The editorial was part of a media campaign apparently aimed at cooling Indian public anger against China following the three-week standoff on a freezing Himalayan plateau that ended on May 3.

In an impromptu speech after an official welcome ceremony at India's colonial-era presidential palace on Monday, a relaxed-looking Li stood with Prime Minister Manmohan Singh and said he wanted to build trust and cooperation on his trip.

"World peace and regional stability cannot be a reality without strategic mutual trust between India and China. And likewise, the development and prosperity of the world cannot be a reality without the cooperation and simultaneous development of China and India," he said.

The two leaders held closed-door talks on Sunday, shortly after Li arrived in the Indian capital.

Singh told Li that friction on the border could affect relations. He pressed his counterpart to do more to redress a trade imbalance that has left a $29 billion deficit with China at a time India is struggling with a record current account gap that has emerged as its main economic weak point.

The latest incident distracted diplomats' attention from negotiations on investment and trade ahead of Li's trip and soured Indian public opinion toward China.

Also raised in the meeting was the issue of the Dalai Lama, who China considers a separatist and who lives in exile in India.

India repeated its position that the Dalai Lama is a spiritual and religious leader, a senior Indian government official said. On Monday, a protester dodged tight security to unfurl a banner saying "Tibet will be free" in front of the hotel where Li is staying in Delhi.

India As First Destination On Li's 4-nation Tour
Prior to the visit, Li said he chose his first destination on the four-nation tour to show how important India is for China and also because he had fond memories of visiting as a Communist youth leader 27 years ago.
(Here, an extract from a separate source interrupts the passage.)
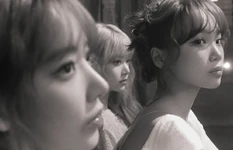 Easy (3) (Sheer Myrrh вер.) (Сакура, Ким Чэвон & Хон Ынчэ)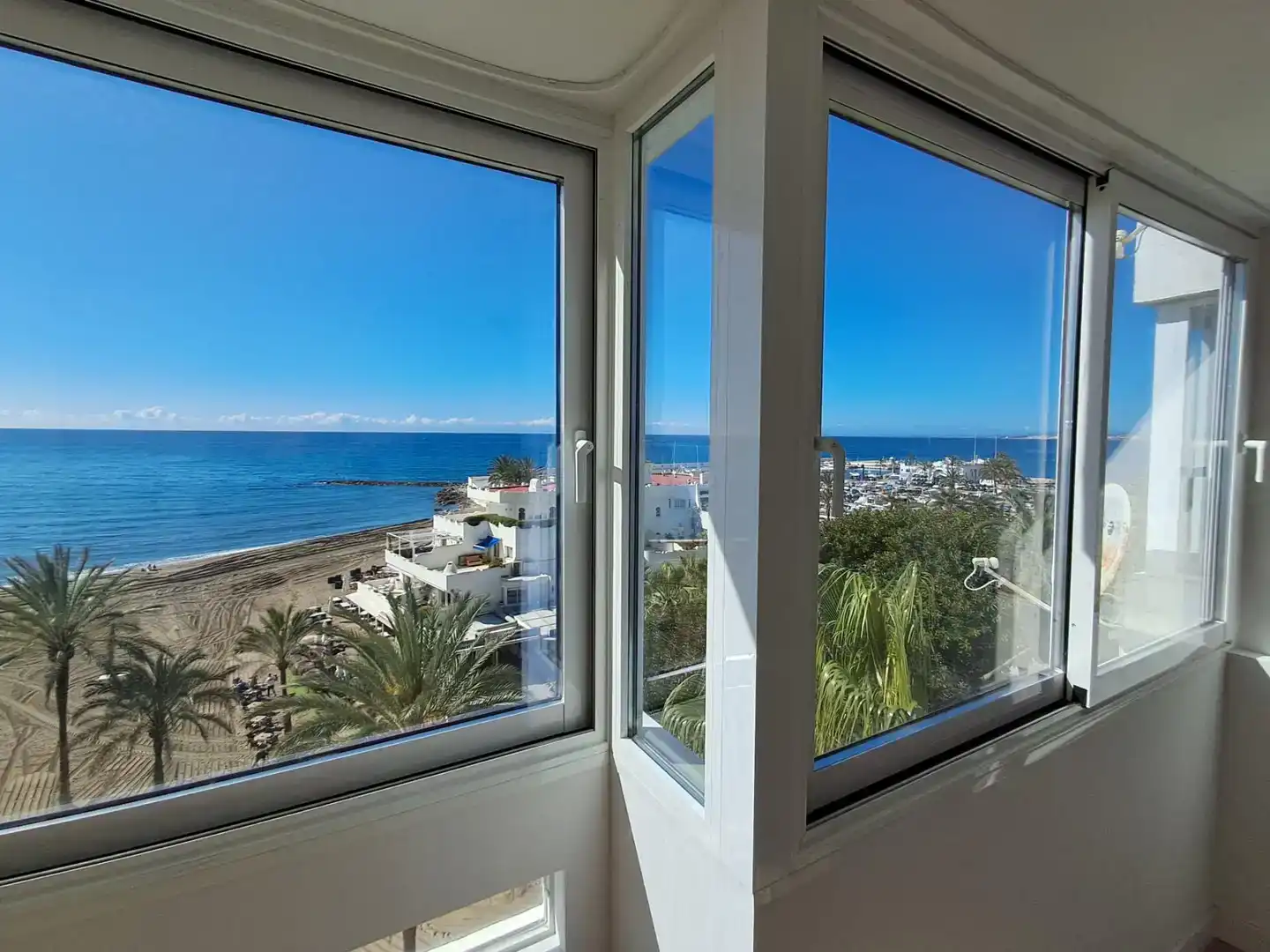 Schlafzimmer von Wohnung zur Miete in Marbella mit Klimaanlage und Balkon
India's Essar Group conglomerate is set to sign a $1 billion loan deal with China's China Development Bank and China's largest oil and gas producer PetroChina during the trip, sources said. They said the loan would be backed by the supply of refined products to PetroChina.

After India, Li is due to visit Pakistan, Switzerland and Germany and is likely to carry a message that China wants more open foreign relations and should not be seen as a threat.

"We stand ready to embrace the world with a more open mind and hope that the world will view China with a calm frame of mind," he wrote in the editorial.